You can do some pretty cool and pretty advanced bindings using the
following class: me.wobblyyyy.pathfinder2.utils.SupplierFilter.
This binding will only be activated if the A and B buttons are pressed.
pathfinder.getListenerManager()
.bind(
ListenerMode.CONDITION_NEWLY_MET,
() -> SupplierFilter.allTrue(
this::aButton, // assume aButton is a Supplier<Boolean>
this::bButton // assume bButton is a Supplier<Boolean>
),
(isPressed) -> isPressed,
(isPressed) -> {
// both the a and b buttons must be pressed
}
);This binding will only be activated if the A button is pressed, and the B, X, and Y buttons are not pressed.
pathfinder.getListenerManager()
.bind(
ListenerMode.CONDITION_NEWLY_MET,
() -> SupplierFilter.trueThenAllFalse(
this::aButton, // assume aButton is a Supplier<Boolean>
this::bButton, // assume bButton is a Supplier<Boolean>
this::xButton, // assume xButton is a Supplier<Boolean>
this::yButton // assume yButton is a Supplier<Boolean>
),
(isPressed) -> isPressed,
(isPressed) -> {
// both the a and b buttons must be pressed
}
);This binding will be activated whenever either the A, B, X, or Y button is pressed.
pathfinder.getListenerManager()
.bind(
ListenerMode.CONDITION_NEWLY_MET,
() -> SupplierFilter.anyTrue(
this::aButton, // assume aButton is a Supplier<Boolean>
this::bButton, // assume bButton is a Supplier<Boolean>
this::xButton, // assume xButton is a Supplier<Boolean>
this::yButton // assume yButton is a Supplier<Boolean>
),
(isPressed) -> isPressed,
(isPressed) -> {
// both the a and b buttons must be pressed
}
);// assume these are declared elsewhere for the sake of demonstration
Supplier<Boolean> rightTrigger;
Supplier<Boolean> leftTrigger;
// must be effectively final to use from within lambdas
AtomicReference<Double> multiplier = new AtomicReference(0d);
pathfinder.getListenerManager()
.bind(
ListenerMode.CONDITION_NEWLY_MET,
() -> SupplierFilter.allFalse(
rightTrigger,
leftTrigger
)
(isPressed) -> isPressed,
(isPressed) -> multiplier.set(0.5);
)
.bind(
ListenerMode.CONDITION_NEWLY_MET,
rightTrigger,
(isPressed) -> isPressed,
(isPressed) -> multiplier.set(1.0);
)
.bind(
ListenerMode.CONDITION_NEWLY_MET,
leftTrigger,
(isPressed) -> isPressed,
(isPressed) -> multiplier.set(0.25);
);A shifter is a pretty simple concept - you can either shift up or down. Pressing the right trigger will shift upwards, and pressing the left trigger will shift downwards. This shifter doesn't actually do very much - it allows you to shift up and down, but it doesn't do anything with the gear. Whenever you press the A button, this will log the current gear to the standard output.

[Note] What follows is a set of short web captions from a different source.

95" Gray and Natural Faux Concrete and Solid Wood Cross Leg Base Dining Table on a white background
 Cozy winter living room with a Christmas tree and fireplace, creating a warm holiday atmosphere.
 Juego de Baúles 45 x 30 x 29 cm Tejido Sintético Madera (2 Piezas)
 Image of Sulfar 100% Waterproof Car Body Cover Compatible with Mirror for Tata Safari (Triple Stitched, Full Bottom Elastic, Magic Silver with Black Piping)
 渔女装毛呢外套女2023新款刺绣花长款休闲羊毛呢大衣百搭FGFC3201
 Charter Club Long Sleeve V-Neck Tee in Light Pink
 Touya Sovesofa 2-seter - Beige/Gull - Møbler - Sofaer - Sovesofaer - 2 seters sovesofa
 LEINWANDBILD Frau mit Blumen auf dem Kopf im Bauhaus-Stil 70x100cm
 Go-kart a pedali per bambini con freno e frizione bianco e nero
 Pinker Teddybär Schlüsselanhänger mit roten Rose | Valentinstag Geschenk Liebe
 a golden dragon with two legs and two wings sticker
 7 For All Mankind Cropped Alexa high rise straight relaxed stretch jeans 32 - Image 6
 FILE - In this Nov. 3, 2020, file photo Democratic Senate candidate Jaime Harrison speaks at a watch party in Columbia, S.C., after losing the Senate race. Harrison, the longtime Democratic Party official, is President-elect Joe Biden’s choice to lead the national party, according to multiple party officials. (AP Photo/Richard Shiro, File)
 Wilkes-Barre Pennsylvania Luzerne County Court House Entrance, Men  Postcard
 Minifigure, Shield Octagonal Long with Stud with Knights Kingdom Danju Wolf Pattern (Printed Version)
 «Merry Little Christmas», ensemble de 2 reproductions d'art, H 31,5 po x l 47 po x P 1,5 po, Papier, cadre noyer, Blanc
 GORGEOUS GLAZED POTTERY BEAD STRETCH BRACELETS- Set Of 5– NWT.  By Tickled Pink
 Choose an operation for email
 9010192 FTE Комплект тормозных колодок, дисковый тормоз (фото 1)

Supplier<Boolean> rightTrigger;
Supplier<Boolean> leftTrigger;
Supplier<Boolean> aButton;
Shifter shifter = new Shifter(1, 1, 5, false, (pf) -> {});
pathfinder.getListenerManager()
.bindNewlyMet(
() -> SupplierFilter.trueThenAllFalse(rightTrigger, leftTrigger),
(isPressed) -> isPressed,
(isPressed) -> shifter.shift(ShifterDirection.UP)
)
.bindNewlyMet(
() -> SupplierFilter.trueThenAllFalse(leftTrigger, rightTrigger),
(isPressed) -> isPressed,
(isPressed) -> shifter.shift(ShifterDirection.DOWN)
)
.bindButton(
aButton,
(isPressed) -> System.out.printf("current gear: %s%n", shifter.getCurrentGear())
);